As the child grew, other spirits came to his aid: Cuba watched over his sleep, Abeona guided his first steps, Fabulina taught him to speak. When he left the house he found himself again in the presence of gods everywhere. The earth itself was divine. Sometimes it was called Telus or “Mother Earth”; sometimes Mars, the soil under his feet and the embodiment of its divine fertility; sometimes Bona Dea, the “Good Goddess,” who gave women fruitful wombs and fields abundant harvests. In the countryside a god or helpful spirit attended every task: Pomona for orchards, Faunus for flocks, Pales for pastures, Sterculinus for manure, Saturnus for sowing, Ceres for the harvest, Fornax for baking grain in the oven, and Vulcanus for kindling fire.

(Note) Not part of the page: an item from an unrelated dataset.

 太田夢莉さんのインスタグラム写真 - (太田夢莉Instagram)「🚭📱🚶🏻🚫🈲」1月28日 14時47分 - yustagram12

On the boundaries the great god Terminus kept watch, imagined and worshipped in the form of stones or trees that marked the limits of fields. Other religions might look to the sky, and the Roman too believed that gods were there, but his purest prayers and most ungrudging offerings were made to the earth, the ultimate source and mother of life, the grave of the dead, and the magical nurse of his growing seed. Every year in December the Lares, the guardians of the soil, were worshipped at the cheerful festival of the crossroads; in February, with lavish offerings to Telus, abundance of crops was asked; in April the priests of the Arval Brotherhood led a procession of singers along the boundaries of the joined fields and prayed to Mars (the earth) to make them fruitful. Thus religion sanctified ownership, calmed quarrels, dignified labor in the fields with poetry and drama, and strengthened body and soul with faith and hope.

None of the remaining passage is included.